Church Cookbook Weekly died a quick death over at the BRE but one recipe still had to be made.
Food: Chicken Lasagna
Barely lasagna as the only thing included that also is included in actual lasagna is lasagna noodles, it's basically a garbage casserole. Chicken, cheddar cheese, stuffing (?), a can of cream of chicken soup and paprika. Notice. Tomatoes in any form are not included.
Thursday is quick-and-easy food night. It's our Monday in the Ney household. But it was nice out and the Bears were on (it affects business, not because I wanted to watch the putrid performance) so I took the night off.
We wandered through a few pairing ideas (cheap Italian, value Burgundy) before coming to the time-honored understanding that you can't put lipstick on a pig. Food that we'll most likely regret after putting it in our mouths should be paired with wine in the same price realm.
Wine: 2008 Castle Rock Pinot Noir Willamette Valley - $12 Trader Joe's
Castle Rock Winery makes basically every varietal wine all over the West Coast with Trader Joe's being one of their biggest retailers. They target the low-end price point, try to bring value and largely succeed in that.
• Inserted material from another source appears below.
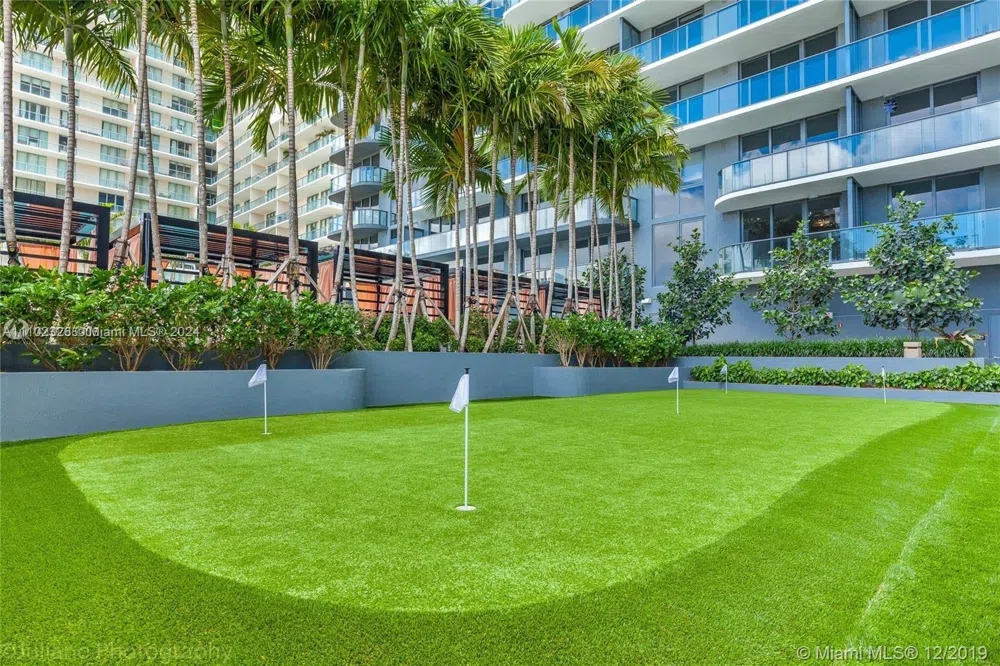 121 NE 34th St #2906 Miami, FL 33137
On Vino plans to a Trader Joe's value wine feature soon.
On the nose, I got pumpernickel. Never got that so obviously before in a wine. Fruit comes off as what you would expect from a lower-end Willamette Valley Pinot Noir - darker cherry and a bit of red raspberry with a little cinnamon and something approaching a floral note. No surprises.
But with this wine, it's in what you didn't get for the price. No odd greenish, stemmy quality, no medicinal note and no screwed-up tannins, fulfilling the basic definition of a value Oregon Pinot Noir. You could easily do worse.
But it wasn't the wine's fault. Church Cookbook Chicken Lasagna has shut the door on our brief dalliance with canned soup for kitsch purposes. I feel like crap right now.
Essentially, we settled on Pinot Noir because of the stuffing, consulting an excellent basic pairing guide given by WineSense that details what wine grape pairs with things like herbs, meat, cheese, etc.. It's valuable as a nice starting point. Check it out. Sage with pinot noir? Stuffing? (?) No tomatoes? Sure, why not?
While we recognized the low acidity level in the lasagna from the recipe, the finished product offered no acid at all, making the pairing dead on arrival.
But there was some interplay. An herbal note kicked up in the wine from the stuffing and the food did negate a slight syrupy quality that we got from the wine on its own. Also, anything heavier would have been just awful.
Lesson: If you're going to have terrible food and are going to drink wine - be mindful of body, try to match herbs and for all that is holy, don't spend.
Better yet, just avoid terrible food.